# A Smooth Introduction to Linear Regression using pandas

## What will we cover?

Show what Linear Regression is visually and demonstrate it on data.

## Step 1: What is Linear Regression

Simply said, you can describe Linear Regression as follows.

• Given data input (independent variables) can we predict output (dependent variable)
• It is the mapping from input point to a continuous value

I like to show it visually.

The goal of Linear Regression is to find the best fitting line. Hence, some data will be fitted better as it will be closer to the line.

The predictions will be on the line. That is, when you have fitted your Linear Regression model, it will predict new values to be on the line.

While this sounds simple, the model is one of the most used models and creates high value.

## Step 2: Correlation and Linear Regression

Often there is a bit confusing between Linear Regression and Correlation. But they do different things.

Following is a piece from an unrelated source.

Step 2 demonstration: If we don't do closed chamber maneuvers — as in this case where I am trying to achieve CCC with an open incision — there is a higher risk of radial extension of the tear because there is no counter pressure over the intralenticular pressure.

Correlation is one number describing a relationship between tow variables. While Linear Regression is an equation used to predict values.

• Correlation
• Single measure of relationship between two variables.
• Linear Regression
• An equation used for prediction.
• Similarities
• Describes relationship between variables

## Step 3: Example

Let’s try an example.

```import pandas as pd

data.plot.scatter(x='Height', y='Weight', alpha=.1)
```

This data looks correlated. How would a Linear Regression prediction of it look like?

We can use Sklearn.

### Linear Regression

• The Linear Regression model takes a collection of observations
• Each observation has featuers (or variables).
• The features the model takes as input are called independent (often denoted with `X`)
• The feature the model outputs is called dependent (often denoted with `y`)
```from sklearn.linear_model import LinearRegression

# Creating a Linear Regression model on our data
lin = LinearRegression()
lin.fit(data[['Height']], data['Weight'])

# Creating a plot
ax = data.plot.scatter(x='Height', y='Weight', alpha=.1)
ax.plot(data['Height'], lin.predict(data[['Height']]), c='r')
```

To measure the accuracy of the prediction the r-squared function is often used, which you can access directly on the model by using the following code.

```lin.score(data[['Height']], data['Weight'])
```

This will give 0.855, which is just a number you can use to compare to other samples.